The views shine at this high-flying condo
BY PHILLIPA RISPIN
PHOTOGRAPHY: ROGER BROOKS
STYLING: PATRICIA GRAY and SEAN LEW
Can a pied-à-terre high above the city be called a pied-à-ciel? This condo apartment downtown is the second home for a couple who live mainly outside Vancouver. It’s on the 37th storey and offers 180-degree views of the city – heavenly, but a challenge for interior designer Patricia Gray, who had to showcase the views while providing a quietly luxurious aerie for her clients.
“When we first viewed this condo it was a classic bachelor pad,” says Gray, president of Patricia Gray Inc. “It didn’t have any character. What it did have was a spectacular 180-degree view of downtown Vancouver.”
Gray’s brief from her clients was very simply stated: to provide a five-star hotel feeling to the 1,760-square-foot apartment. They wanted a place to sit in the entry, a Duxiana bed in the master bedroom, and office space with Aeron chairs; otherwise, Gray was pretty much free to do whatever was needed.
Of course, that freedom was set in context. “I offer a complete design service for my clients, including full design-build project management, which includes everything that’s required to make a space personal for them,” Gray says.
Gray and her assistant Sean Lew first set about “redeeming” the foyer. It was given a walnut dropped ceiling around its perimeter, creating a recessed ceiling finished with silver leaf and LED cove lighting for a smooth, warm look. The grasscloth from Phillip Jeffries that covers the foyer walls offers an unobtrusively tactile surface. A settee, designed by Gray, in a medium-dark taupe-grey velvet with a ruched back is both functional and a textural accent in the space. The existing chunky closet doors and the door to the master bedroom were replaced with frameless sandblasted glass doors in keeping with the subtle decor.
With its two bedrooms (each with an ensuite bathroom), powder room, office, open living-dining space and alcove kitchen, the apartment met all the clients’ needs, and there was no need for structural changes. “We used a large area rug to define the living room. In a place like this there are several focal points – the view, the big-screen TV, conversations in the living and dining areas – and thus I placed two custom-designed chairs that swivel in the corner by the window,” Gray says.

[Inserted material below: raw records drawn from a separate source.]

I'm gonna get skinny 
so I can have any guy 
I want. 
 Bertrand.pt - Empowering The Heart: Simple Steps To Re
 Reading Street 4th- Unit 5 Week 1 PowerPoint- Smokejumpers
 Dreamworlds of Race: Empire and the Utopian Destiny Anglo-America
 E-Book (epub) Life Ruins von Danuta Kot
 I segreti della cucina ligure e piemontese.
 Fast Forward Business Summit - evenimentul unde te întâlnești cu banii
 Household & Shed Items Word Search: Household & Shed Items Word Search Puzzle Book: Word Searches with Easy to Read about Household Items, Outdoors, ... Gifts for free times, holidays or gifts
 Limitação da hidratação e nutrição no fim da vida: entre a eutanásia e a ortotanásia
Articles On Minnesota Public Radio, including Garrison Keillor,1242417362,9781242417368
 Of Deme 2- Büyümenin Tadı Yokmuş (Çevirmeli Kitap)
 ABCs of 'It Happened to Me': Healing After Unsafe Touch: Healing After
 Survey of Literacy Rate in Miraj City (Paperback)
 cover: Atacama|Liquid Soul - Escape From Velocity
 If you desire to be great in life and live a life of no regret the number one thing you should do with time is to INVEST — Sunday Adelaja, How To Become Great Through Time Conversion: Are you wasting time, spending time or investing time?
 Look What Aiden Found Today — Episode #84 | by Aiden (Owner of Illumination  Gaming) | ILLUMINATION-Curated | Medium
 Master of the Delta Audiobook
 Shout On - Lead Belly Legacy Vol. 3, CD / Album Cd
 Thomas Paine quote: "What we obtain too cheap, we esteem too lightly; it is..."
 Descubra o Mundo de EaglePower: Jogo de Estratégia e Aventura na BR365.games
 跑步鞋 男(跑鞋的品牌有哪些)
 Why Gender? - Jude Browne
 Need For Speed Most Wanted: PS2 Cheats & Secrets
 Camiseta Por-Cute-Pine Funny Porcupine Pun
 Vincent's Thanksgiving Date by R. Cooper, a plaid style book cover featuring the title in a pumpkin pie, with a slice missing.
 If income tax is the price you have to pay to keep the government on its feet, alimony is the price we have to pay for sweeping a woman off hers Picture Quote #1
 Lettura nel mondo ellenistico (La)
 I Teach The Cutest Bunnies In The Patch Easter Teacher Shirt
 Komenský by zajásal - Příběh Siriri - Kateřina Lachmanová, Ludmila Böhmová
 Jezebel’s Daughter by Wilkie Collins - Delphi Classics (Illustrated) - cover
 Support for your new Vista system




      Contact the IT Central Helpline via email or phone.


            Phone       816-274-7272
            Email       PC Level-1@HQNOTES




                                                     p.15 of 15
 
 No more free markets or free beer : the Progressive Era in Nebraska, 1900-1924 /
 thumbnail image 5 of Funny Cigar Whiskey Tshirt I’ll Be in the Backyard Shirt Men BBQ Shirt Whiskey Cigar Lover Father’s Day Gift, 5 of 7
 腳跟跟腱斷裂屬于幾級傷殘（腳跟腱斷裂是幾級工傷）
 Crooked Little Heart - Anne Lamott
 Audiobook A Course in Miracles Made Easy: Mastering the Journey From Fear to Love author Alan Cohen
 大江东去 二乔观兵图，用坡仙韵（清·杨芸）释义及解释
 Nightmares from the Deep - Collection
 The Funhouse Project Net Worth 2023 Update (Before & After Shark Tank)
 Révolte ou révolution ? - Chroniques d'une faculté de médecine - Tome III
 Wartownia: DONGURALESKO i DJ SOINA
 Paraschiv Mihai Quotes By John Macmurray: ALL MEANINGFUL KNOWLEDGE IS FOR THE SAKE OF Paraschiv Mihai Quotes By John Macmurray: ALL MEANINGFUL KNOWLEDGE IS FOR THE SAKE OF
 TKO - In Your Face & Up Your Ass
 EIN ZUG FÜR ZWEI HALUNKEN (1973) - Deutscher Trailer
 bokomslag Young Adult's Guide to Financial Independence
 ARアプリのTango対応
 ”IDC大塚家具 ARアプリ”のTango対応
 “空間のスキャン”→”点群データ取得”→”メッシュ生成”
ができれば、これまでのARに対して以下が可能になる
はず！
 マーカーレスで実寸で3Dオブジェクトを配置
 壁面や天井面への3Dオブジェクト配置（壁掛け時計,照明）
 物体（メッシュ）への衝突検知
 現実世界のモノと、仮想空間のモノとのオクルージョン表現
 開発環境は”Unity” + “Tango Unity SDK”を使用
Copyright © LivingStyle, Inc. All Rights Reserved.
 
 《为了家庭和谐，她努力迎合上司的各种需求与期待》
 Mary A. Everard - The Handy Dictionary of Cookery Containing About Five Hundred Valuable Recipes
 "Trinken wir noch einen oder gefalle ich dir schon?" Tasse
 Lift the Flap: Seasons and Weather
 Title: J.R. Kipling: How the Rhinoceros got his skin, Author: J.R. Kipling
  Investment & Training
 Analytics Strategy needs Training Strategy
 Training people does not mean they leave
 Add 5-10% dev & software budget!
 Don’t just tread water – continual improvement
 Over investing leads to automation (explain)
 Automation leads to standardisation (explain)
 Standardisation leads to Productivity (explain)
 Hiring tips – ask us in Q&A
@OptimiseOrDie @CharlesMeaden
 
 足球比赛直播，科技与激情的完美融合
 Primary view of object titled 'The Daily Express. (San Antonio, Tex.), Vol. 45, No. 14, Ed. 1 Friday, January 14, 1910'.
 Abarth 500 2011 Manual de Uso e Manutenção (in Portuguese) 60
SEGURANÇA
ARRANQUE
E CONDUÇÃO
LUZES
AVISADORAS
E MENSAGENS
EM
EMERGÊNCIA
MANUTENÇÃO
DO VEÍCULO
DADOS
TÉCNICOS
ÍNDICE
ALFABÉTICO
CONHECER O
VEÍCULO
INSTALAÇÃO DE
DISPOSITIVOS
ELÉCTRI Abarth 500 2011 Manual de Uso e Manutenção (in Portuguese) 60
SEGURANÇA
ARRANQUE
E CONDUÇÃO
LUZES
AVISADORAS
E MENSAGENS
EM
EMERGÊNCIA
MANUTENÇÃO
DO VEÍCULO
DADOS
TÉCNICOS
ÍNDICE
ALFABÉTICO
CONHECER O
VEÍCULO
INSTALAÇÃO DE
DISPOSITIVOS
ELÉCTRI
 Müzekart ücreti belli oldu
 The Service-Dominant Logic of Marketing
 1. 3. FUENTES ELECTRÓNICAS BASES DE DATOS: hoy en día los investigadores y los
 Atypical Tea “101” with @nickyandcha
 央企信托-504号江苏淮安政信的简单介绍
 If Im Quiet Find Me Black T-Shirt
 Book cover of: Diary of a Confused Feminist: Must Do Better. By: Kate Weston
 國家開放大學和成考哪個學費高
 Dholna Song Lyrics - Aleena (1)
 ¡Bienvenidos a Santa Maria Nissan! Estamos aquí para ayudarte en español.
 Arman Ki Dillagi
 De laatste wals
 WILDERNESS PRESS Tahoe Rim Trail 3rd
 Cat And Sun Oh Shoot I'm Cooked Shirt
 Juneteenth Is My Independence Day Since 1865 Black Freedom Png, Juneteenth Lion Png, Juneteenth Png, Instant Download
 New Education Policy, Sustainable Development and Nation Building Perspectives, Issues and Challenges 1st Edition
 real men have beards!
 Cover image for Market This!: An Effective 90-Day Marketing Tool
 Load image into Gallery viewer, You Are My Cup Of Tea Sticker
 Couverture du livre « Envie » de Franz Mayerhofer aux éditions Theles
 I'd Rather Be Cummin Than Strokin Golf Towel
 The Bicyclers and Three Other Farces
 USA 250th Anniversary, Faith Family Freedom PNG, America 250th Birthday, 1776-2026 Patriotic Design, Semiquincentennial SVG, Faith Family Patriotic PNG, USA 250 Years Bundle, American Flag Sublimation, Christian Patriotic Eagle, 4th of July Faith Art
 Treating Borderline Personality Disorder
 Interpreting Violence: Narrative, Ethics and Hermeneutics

“What I do is unique and specific for each client,” says Gray. “I like to think of my design as couture.”
One element Gray did not design is the bear sculpture by artist Cathryn Jenkins on the 200-square-foot balcony. “We had to get the strata council to accept this. It took time, but we finally got it approved.”
The strata council might have been careful and cautious, but the clients gave Gray their full trust – to great success.
This project won first place in the Residential Design category at the Northwest Design Awards 2014.